As a lifelong resident of Pittsburgh, I have seen the travesties that have occurred in the name of “progress.” Historic buildings such as St. Nicholas Croatian Church have been lost and others such as the Paramount building were narrowly saved — and this is just downtown. Smaller communities all around the city have also been losing historic buildings which ultimately damages the fabric of the community. The thing that gets me most fired up, however, is the loss of historic churches.
Historic Neighborhood Churches
What happens next is just shameful.
After the Closure
After the closure of these churches, they are often left to deteriorate — sometimes for decades. If the governing bodies (I’m looking at you Catholic Church) were honest with themselves they would admit that these buildings will never again be used as places of worship. At this point, these buildings should be put up for sale so that a buyer can reuse the building.
Once pipes are broken, copper scrapped, and windows broken it would be be financially difficult for anyone to rehab the property. The churches then claim that they can’t find a buyer and request that the structure be torn down. Then (shockingly) the cleared property is sold for development for much more than the church itself would have sold for.

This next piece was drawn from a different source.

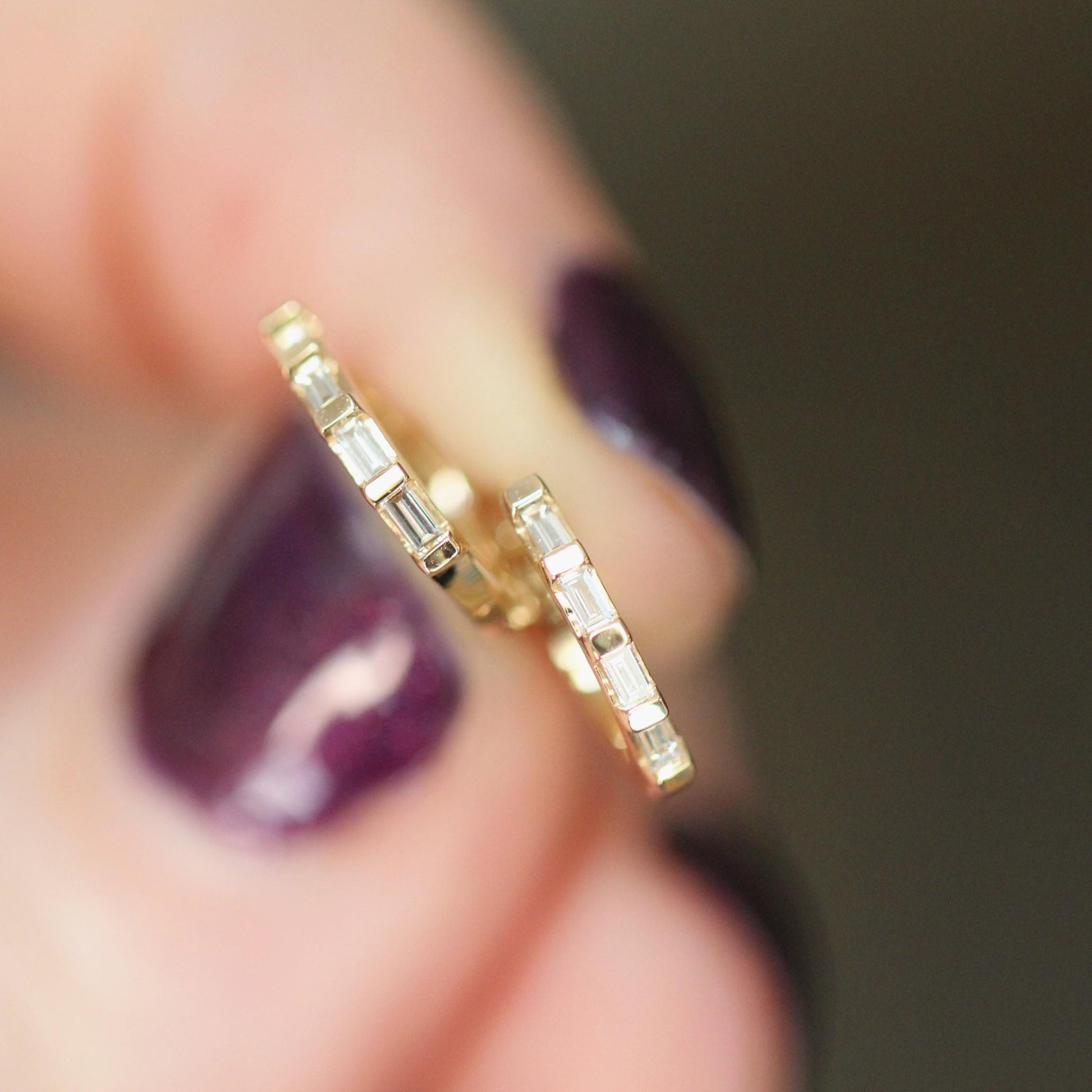 14K Baguette Diamond Huggie Earrings, Natural Diamonds, Clicker Closure Huggie, Solid Gold, 10mm Heggie, Rectangle Diamond, Step Cut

The Future of Historic Churches
In addition, let’s mention the elephant in the room. Once these churches are gone, that’s it. In a cookie-cutter world, these buildings add character to a community. We will never again see that level of beauty and craftsmanship put into a building. We are not only erasing our history but we are also erasing what makes us unique.
Instead of fighting historic preservation, churches need to embrace it and stop looking for ways to make a dollar. We all can do better.